Se armó un pandemónium. Los duendecillos salieron disparados como
cohetes en todas direcciones. Dos cogieron a Neville por las orejas y lo alzaron
en el aire. Algunos salieron volando y atravesaron las ventanas, llenando de
cristales rotos a los de la fila de atrás. El resto se dedicó a destruir la clase más
rápidamente que un rinoceronte en estampida. Cogían los tinteros y rociaban
de tinta la clase, hacían trizas los libros y los folios, rasgaban los carteles de las
paredes, le daban vuelta a la papelera y cogían bolsas y libros y los arrojaban
por las ventanas rotas. Al cabo de unos minutos, la mitad de la clase se había
refugiado debajo de los pupitres y Neville se balanceaba colgando de la
lámpara del techo.

—Vamos ya, rodeadlos, rodeadlos, sólo son duendecillos... —gritaba
Lockhart.

Se remangó, blandió su varita mágica y gritó:

—¡Peskipiski Pestenomi!

No sirvió absolutamente de nada; uno de los duendecillos le arrebató la
varita y la tiró por la ventana. Lockhart tragó saliva y se escondió debajo de su
mesa, a tiempo de evitar ser aplastado por Neville, que cayó al suelo un segundo
más tarde, al ceder la lámpara.

Sonó la campana y todos corrieron hacia la salida. En la calma relativa que
siguió, Lockhart se irguió, vio a Harry, Ron y Hermione y les dijo:

—Bueno, vosotros tres meteréis en la jaula los que quedan. —Salió y cerró
la puerta.


—¿Habéis visto? —bramó Ron, cuando uno de los duendecillos que
quedaban le mordió en la oreja haciéndole daño.

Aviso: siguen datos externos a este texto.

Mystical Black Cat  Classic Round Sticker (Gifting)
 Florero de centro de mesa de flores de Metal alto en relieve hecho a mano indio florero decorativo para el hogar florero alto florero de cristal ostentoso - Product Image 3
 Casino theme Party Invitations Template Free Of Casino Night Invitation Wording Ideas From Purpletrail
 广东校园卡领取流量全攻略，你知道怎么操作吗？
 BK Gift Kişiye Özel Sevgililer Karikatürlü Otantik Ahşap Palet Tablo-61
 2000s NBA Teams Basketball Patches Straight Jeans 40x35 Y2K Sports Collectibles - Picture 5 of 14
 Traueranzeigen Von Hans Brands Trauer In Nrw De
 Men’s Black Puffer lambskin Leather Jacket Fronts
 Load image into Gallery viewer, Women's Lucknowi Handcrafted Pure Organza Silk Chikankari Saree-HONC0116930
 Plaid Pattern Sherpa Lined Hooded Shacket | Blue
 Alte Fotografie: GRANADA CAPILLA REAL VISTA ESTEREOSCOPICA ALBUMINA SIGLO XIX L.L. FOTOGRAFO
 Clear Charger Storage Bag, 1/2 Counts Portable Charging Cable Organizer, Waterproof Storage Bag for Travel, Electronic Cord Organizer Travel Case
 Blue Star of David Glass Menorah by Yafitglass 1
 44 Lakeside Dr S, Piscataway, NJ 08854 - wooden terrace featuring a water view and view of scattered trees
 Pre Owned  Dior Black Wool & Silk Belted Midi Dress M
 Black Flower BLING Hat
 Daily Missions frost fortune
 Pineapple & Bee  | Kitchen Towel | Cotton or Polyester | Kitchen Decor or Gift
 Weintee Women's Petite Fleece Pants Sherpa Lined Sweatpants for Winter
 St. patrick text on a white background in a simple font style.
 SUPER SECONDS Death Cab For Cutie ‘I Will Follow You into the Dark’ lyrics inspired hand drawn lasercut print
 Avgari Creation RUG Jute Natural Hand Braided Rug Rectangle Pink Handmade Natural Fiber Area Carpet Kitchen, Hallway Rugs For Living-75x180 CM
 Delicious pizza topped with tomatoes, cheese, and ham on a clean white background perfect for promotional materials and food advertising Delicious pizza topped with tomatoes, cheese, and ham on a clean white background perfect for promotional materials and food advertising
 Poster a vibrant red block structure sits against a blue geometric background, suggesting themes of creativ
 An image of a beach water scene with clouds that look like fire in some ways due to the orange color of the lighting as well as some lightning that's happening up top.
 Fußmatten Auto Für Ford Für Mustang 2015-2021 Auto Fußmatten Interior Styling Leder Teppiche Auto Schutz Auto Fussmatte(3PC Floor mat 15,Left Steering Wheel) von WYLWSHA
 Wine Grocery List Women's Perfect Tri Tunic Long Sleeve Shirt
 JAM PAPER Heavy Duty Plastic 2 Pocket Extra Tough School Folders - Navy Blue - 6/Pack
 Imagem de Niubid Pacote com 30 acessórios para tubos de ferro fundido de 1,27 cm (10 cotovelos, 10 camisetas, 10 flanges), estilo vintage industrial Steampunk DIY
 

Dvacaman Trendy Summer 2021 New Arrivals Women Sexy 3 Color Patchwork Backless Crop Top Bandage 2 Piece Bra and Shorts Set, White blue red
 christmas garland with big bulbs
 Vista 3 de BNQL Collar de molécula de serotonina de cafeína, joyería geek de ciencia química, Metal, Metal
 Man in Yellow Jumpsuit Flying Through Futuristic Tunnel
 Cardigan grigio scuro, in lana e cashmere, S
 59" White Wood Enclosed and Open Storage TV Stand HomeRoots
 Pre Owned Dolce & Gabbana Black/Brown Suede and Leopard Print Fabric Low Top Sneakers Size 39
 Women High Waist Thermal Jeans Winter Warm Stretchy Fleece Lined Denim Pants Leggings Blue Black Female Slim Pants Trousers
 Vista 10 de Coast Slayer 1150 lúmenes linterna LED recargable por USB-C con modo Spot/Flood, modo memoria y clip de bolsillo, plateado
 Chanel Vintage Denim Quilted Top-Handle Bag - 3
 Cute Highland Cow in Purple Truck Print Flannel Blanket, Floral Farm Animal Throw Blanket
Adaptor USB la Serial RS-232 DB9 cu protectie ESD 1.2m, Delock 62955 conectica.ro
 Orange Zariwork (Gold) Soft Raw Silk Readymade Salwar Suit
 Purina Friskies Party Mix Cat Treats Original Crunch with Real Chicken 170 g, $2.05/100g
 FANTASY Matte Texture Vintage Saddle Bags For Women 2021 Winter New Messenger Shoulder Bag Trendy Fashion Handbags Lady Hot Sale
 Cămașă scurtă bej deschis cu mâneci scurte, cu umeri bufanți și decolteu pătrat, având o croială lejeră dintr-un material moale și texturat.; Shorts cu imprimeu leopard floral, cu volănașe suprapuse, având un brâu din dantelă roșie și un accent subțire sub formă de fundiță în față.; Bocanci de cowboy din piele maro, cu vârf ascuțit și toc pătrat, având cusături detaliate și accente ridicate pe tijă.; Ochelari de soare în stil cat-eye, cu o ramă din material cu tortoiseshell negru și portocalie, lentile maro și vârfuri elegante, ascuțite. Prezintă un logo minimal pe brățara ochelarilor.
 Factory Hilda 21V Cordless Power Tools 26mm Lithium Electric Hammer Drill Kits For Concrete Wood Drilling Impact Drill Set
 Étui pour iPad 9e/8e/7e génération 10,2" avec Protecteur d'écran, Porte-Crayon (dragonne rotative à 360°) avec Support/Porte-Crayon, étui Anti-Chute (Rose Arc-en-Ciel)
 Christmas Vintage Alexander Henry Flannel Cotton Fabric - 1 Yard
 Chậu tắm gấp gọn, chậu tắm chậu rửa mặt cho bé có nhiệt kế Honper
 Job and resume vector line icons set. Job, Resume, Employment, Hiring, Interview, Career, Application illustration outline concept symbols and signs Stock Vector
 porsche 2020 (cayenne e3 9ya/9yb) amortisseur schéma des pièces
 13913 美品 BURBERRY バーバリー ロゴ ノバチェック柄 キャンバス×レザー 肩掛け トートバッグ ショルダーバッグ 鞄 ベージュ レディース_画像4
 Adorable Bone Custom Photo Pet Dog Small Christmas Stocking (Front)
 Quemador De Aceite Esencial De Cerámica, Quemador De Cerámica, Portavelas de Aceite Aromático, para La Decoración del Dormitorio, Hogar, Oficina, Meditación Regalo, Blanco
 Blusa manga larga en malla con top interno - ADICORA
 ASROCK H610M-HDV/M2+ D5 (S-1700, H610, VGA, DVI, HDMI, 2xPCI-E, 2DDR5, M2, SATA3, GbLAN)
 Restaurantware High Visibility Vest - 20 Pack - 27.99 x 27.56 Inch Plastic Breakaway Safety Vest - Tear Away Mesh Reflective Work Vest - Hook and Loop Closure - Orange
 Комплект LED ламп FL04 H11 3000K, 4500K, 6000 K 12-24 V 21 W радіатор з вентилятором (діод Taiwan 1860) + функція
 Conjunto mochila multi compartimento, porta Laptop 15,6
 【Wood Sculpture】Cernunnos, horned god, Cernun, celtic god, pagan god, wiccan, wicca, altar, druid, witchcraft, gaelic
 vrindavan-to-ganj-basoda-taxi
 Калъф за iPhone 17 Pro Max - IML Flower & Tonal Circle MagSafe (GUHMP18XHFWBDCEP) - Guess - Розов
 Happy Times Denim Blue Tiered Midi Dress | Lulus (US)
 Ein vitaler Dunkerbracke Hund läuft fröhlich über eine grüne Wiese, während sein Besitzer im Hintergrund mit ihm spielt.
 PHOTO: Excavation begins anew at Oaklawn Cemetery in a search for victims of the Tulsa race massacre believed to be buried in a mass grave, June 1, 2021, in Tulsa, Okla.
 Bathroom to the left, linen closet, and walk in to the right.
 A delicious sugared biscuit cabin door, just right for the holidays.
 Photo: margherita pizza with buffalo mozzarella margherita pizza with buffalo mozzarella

—Sólo quiere que adquiramos experiencia práctica —dijo Hermione,
inmovilizando a dos duendecillos a la vez con un útil hechizo congelador y
metiéndolos en la jaula.

—¿Experiencia práctica? —dijo Harry, intentando atrapar a uno que
bailaba fuera de su alcance sacando la lengua—. Hermione, él no tenía ni idea
de lo que hacía.

—Mentira —dijo Hermione—. Ya has leído sus libros, fíjate en todas las
cosas asombrosas que ha hecho...

—Que él dice que ha hecho —añadió Ron.